*** Opening of MATERIAL TO PROCESS ***

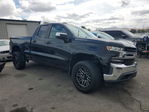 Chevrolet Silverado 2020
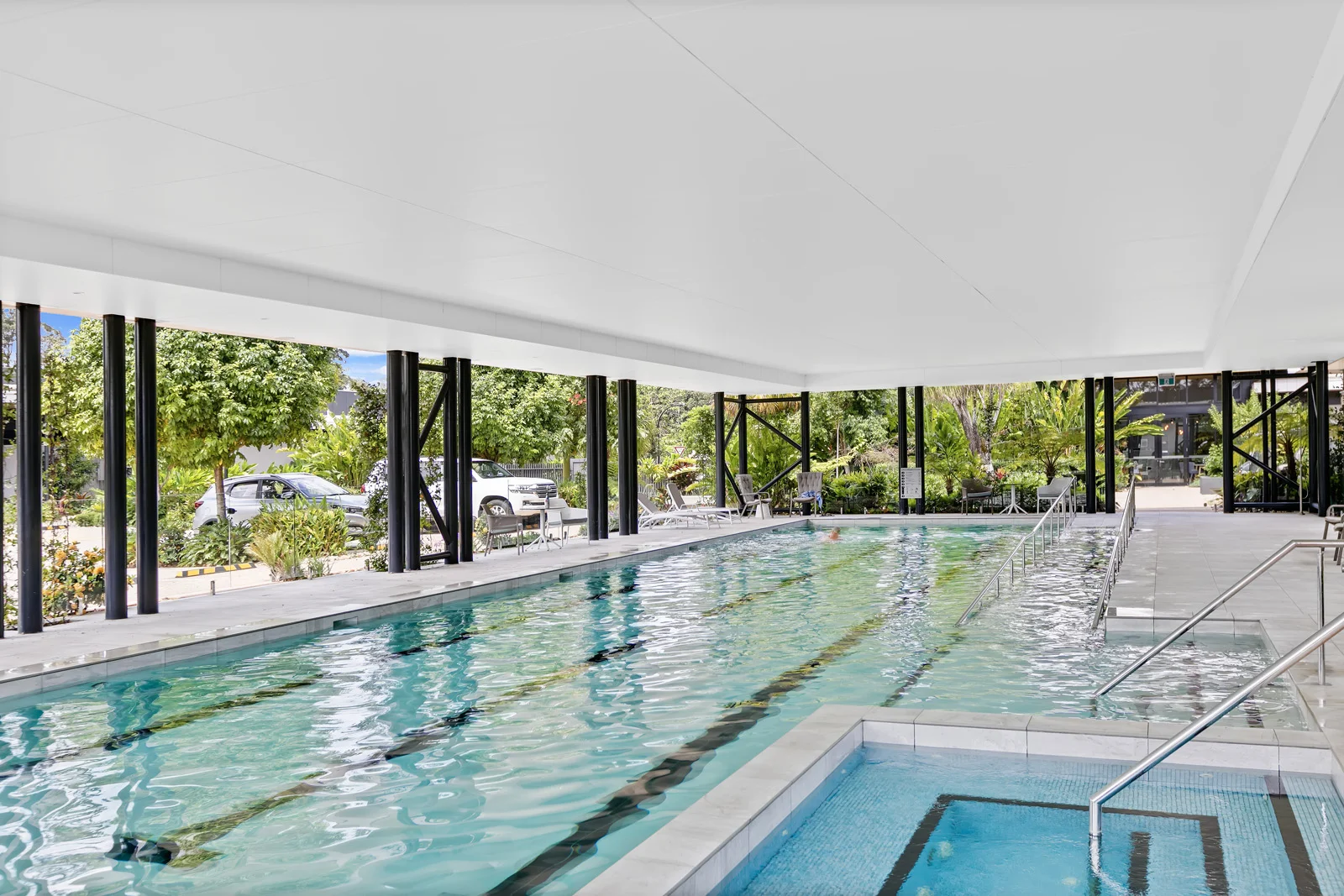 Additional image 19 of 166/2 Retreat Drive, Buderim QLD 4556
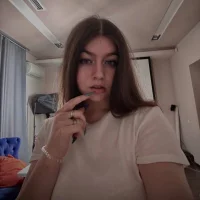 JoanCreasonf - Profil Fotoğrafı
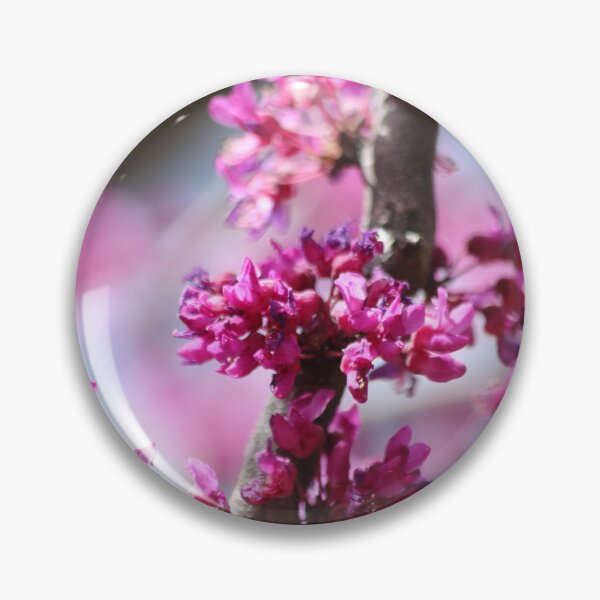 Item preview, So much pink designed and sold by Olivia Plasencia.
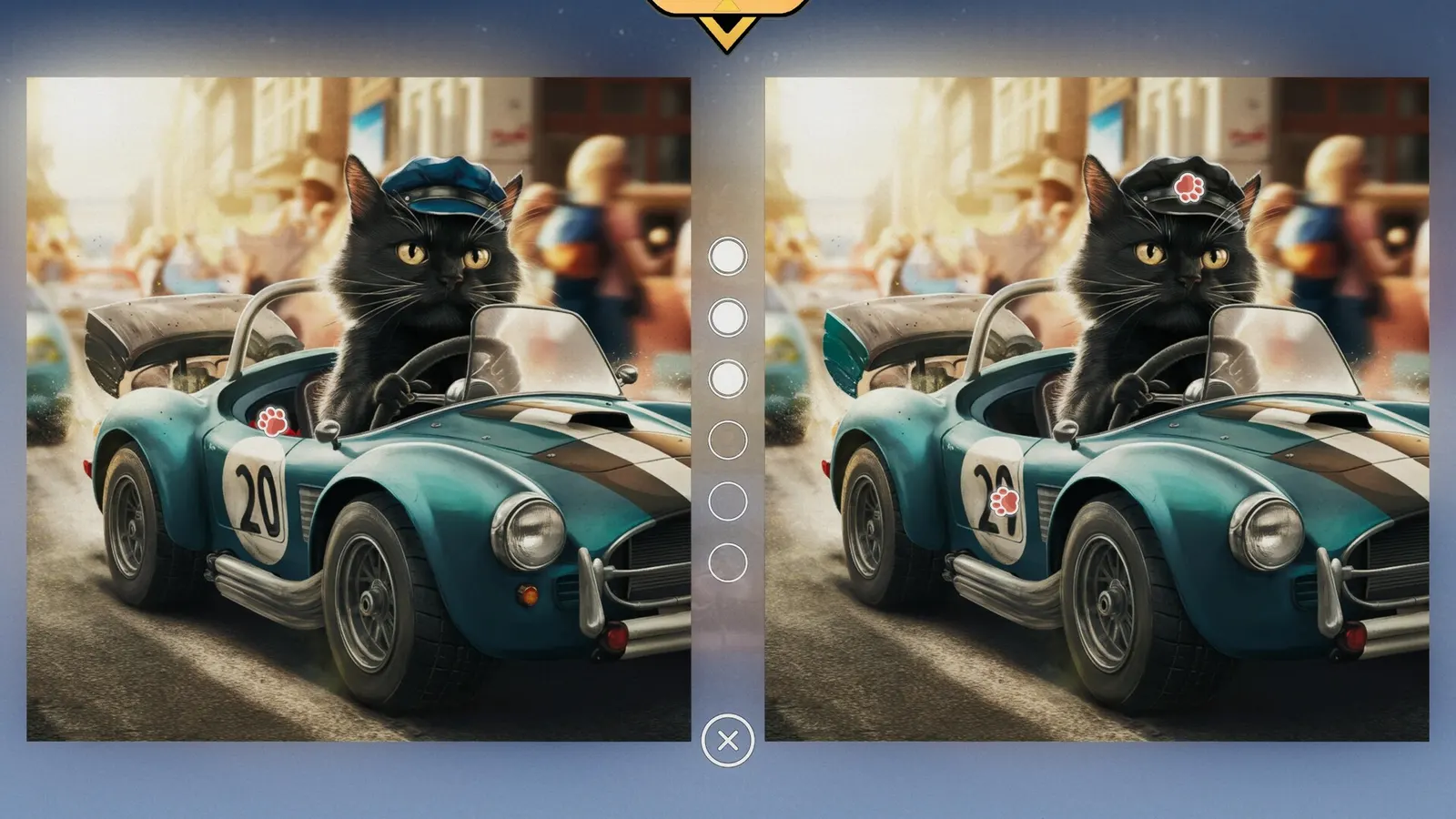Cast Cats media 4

*** Close of MATERIAL TO PROCESS ***

» **WHAT IS NEEDED**
Each record must appear again exactly as written above, without its pictures.

» **THE ANSWER**
 Chevrolet Silverado 2020
 Additional image 19 of 166/2 Retreat Drive, Buderim QLD 4556
 JoanCreasonf - Profil Fotoğrafı
 Item preview, So much pink designed and sold by Olivia Plasencia.
Cast Cats media 4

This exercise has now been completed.